Researchers at the Stanford University School of Medicine have identified one unifying principle that could explain how a range of causes and treatments for depression converge. Scientists hunt for the cause of depression has implicated so many suspects and found so many treatments with different mechanisms that the condition remains an enigma.
They found that in rats the differing mechanisms of depression and its treatment in the end appear to funnel through a single brain circuit. Changes in how the electrical signals spread through the circuit appear to be the cause of depression-related behavior, according to their study.

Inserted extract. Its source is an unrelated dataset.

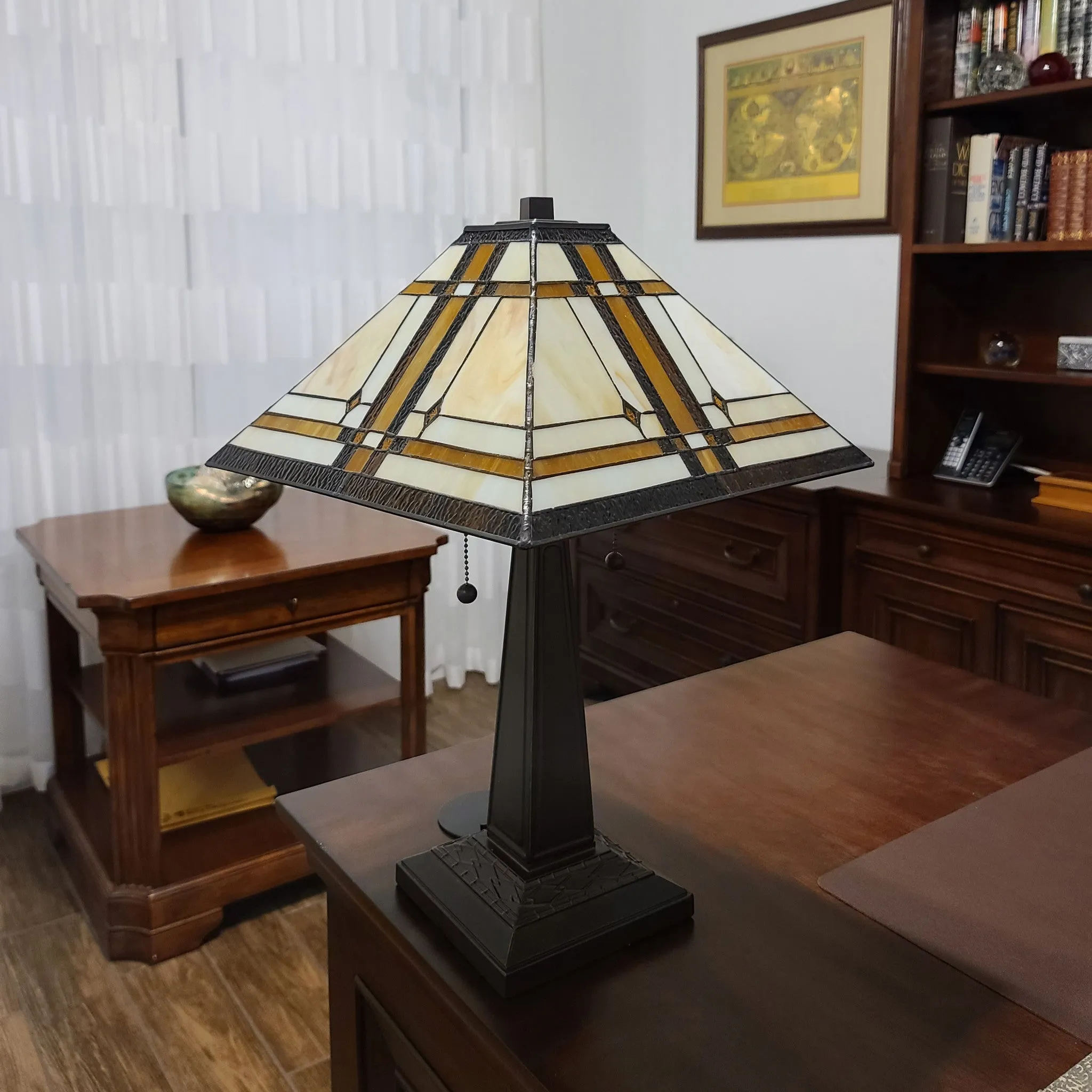 23" White Amber and Brown Stained Glass Two Light Mission Style Table Lamp By Homeroots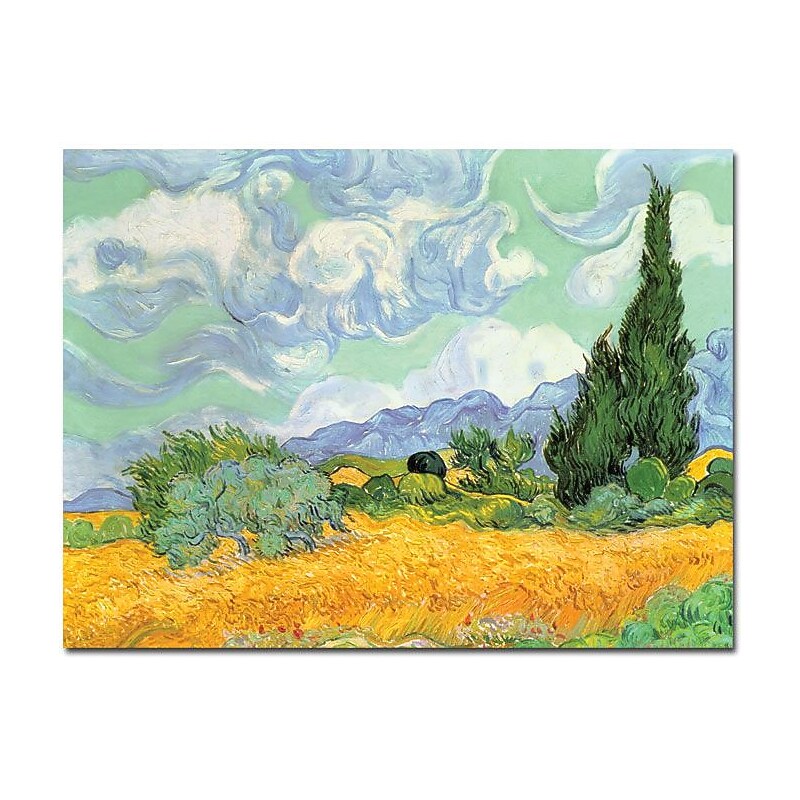 Trademark Global Vincent Van Gogh "Wheatfield with Cypresses 1889" Canvas Art, 35" x 47" image 1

"I think this will help us make sense of how there can be so many different causes and treatments of depression," said senior author Karl Deisseroth, MD, PhD, assistant professor of bioengineering and of psychiatry and behavioral sciences.
"It also helps us understand conceptually how something that seems as hard to get traction on as depression can have a really quantitative, concrete basis."
The work also may have implications for the search for new treatments for depression. "You can use that common pathway as the most efficient, most direct targeted way to find truly specific treatments," he said.
Deisseroth, who sees many depressed patients in clinic, said he has come to appreciate how the bumps in the road that most people see as normal obstacles in life become insurmountable hurdles to depressed people, causing them to lapse into helplessness.
Reasoning that the brain is essentially a complex electrical circuit, Deisseroth's team set out to test the theory of whether brain circuitry malfunction could be at the root of depression. To explore the idea in a precise, quantitative way, they needed to develop a visualization tool that was faster and sharper than brain imaging systems currently available, such as MRI or CT scans.